Brigade des mineurs


Prévention, protection et répression

Children, our future. Telle est la devise de la Brigade des mineurs. Le point avec l'inspecteur Viren Budree.

Peut-on faire une évaluation sur les cas de maltraitance ou de violence à l'égard des mineurs ?

La maltraitance et la violence à l'égard des enfants ont toujours existé et continueront, hélas, d'exister. Il est difficile d'en faire une évaluation exacte dans la mesure où, à la Brigade des mineurs, nous nous occupons des cas d'abus qui sont rapportés ; les chiffres que nous pourrions avancer ne reflèteront pas la réalité.

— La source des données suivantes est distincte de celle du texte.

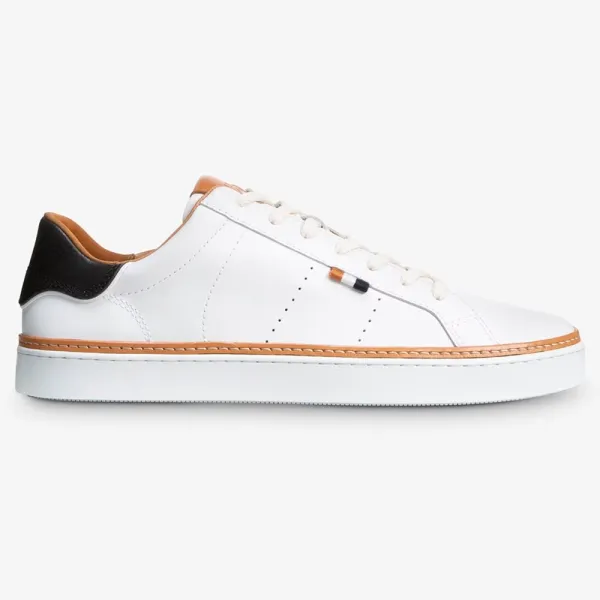 Slightly Roomier Feel Lace-up Casual Style Sneaker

Depuis la mise en place de cette unité en 2004, nous œuvrons à la protection des enfants et la prévention d'abus. Nous adoptons aujourd'hui une approche plus personnalisée suite à une formation. Nous travaillons aussi en collaboration avec d'autres structures, dont la Family Protection Unit ou l'Ombudsperson pour les enfants.

Depuis le renforcement de cette unité, en septembre dernier, nous sommes davantage présents sur le terrain : 35 personnes sont réparties dans 7 postes de police. Et ce
service décentralisé a apporté une plus grande proximité.

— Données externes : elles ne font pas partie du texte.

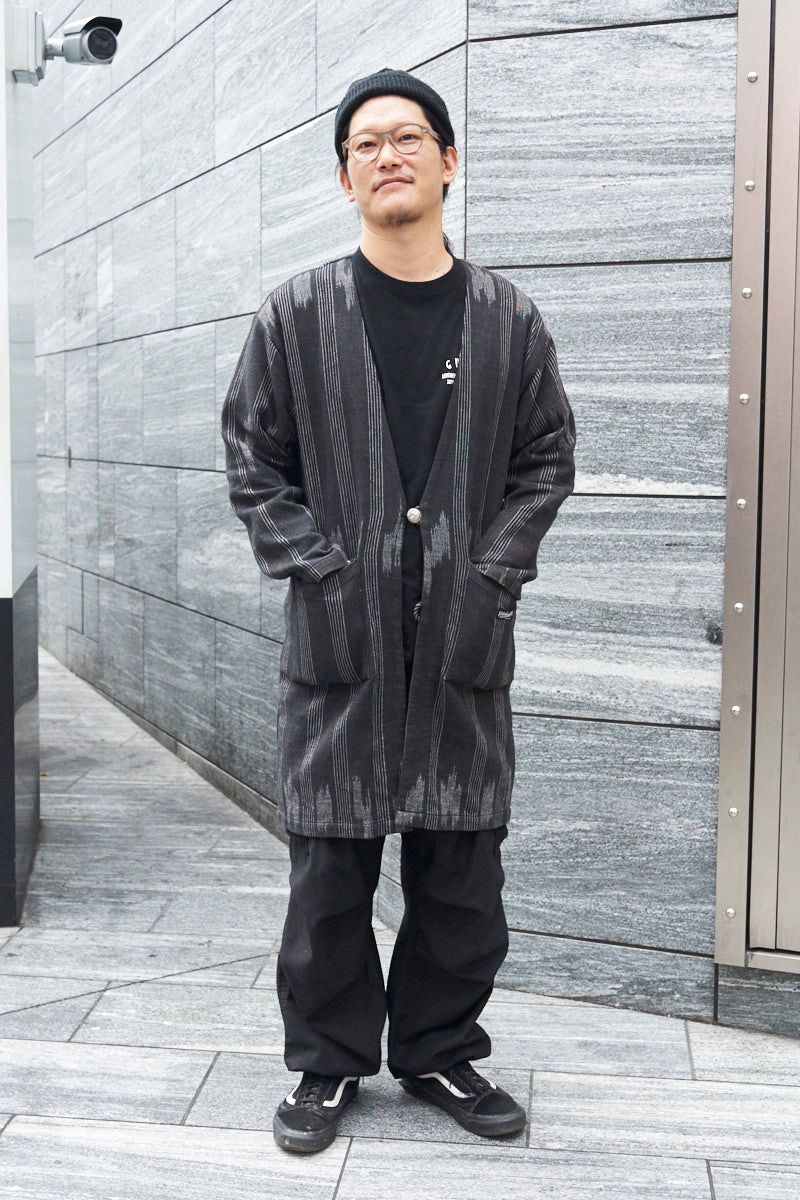 コート＝ブラックシープ　カットソー＝ギルティレザーファクトリー　パンツ＝ワイパー　シューズ＝ヴァンズ　帽子＝マウンテンリサーチ　眼鏡＝ポラロイド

Quel est le rôle de cette unité ?

Nous agissons comme chien de garde pour prévenir les cas d'abus et de maltraitance à l'égard des enfants. Notre objectif est de les protéger et nos actions sont menées dans leur intérêt supérieur. Il faut se dire que chaque cas d'abus, de violence ou de maltraitance mène vers un traumatisme et qu'il est de notre devoir d'apporter tout notre soutien et l'encadrement aux victimes. Nous protégeons aussi les enfants afin qu'ils ne tombent dans la délinquance. Notre stratégie est la prévention, la protection et la répression.

Comment faites-vous justement pour prévenir les cas d'abus ?

Il faut se dire qu'à la suite d'un cas de maltraitance ou de violence, nous ne pouvons que colmater les blessures ; la souffrance étant déjà bel et bien là. Nos campagnes de prévention visent justement à éviter, à prévenir cette souffrance tant pour l'enfant que pour la famille. D'autant plus qu'une famille qui souffre, c'est la société, par extension, qui souffre et que cela va se refléter de différentes manières : la délinquance, par exemple.

Depuis la création de cette unité nous n'attendons pas que le public vienne vers nous pour nous rapporter des cas. Nous allons vers lui. Avec la formation reçue, nous ne nous arrêtons pas qu'au problème, mais nous le prenons dans son ensemble, en allant souvent à la source pour y trouver une solution. En cas de besoin, nous référons les personnes concernées aux structures qui oeuvrent pour le bien-être des enfants ou des professionnels de la psychologie si cela s'avère nécessaire.

Par ailleurs, dans le cadre du 18e anniversaire de la déclaration de la Convention relative aux droits de l'enfant, nous avons participé aux activités organisées par le

bureau de l'Ombudsperson pour les enfants et le ministère de la Femme, convaincus que la conscientisation et la prévention sont des éléments incontournables et que l'éducation de la masse est la meilleure aide qu'on puisse apporter aux enfants.

Mais que faites-vous pour éduquer les enfants sur leurs droits ?

Pendant la période scolaire, nous animons des causeries dans les écoles. Nous expliquons aux enfants non seulement leurs droits, mais aussi leurs devoirs vis-à-vis de leurs parents et de la société, comme, par exemple, le respect des autres. Nous les valorisons car nous sommes d'avis que pareille démarche responsabilise. C'est quand on explique aux enfants le pourquoi de tout ce qui est fait pour leur épanouissement et qu'on leur dise ce qu'on attend d'eux qu'ils agissent en citoyens responsables.

On leur explique aussi à quel point ils sont vulnérables et comment ils peuvent se protéger des situations délicates, notamment en évitant des comportements à risque, comme faire l'école buissonnière qui, souvent, se solde par un drame. On leur explique aussi les effets des substances illicites qui peuvent les mettre davantage en danger.

Dans quelles circonstances avez-vous recours à la répression ?

Surtout contre ceux qui vendent de l'alcool ou la cigarette aux mineurs, qui leur ouvrent l'accès des établissements de jeux ou autres pendant les heures de classe. Nous prenons aussi des sanctions contre ceux qui exploitent sexuellement des mineurs et/ou les poussent à la mendicité.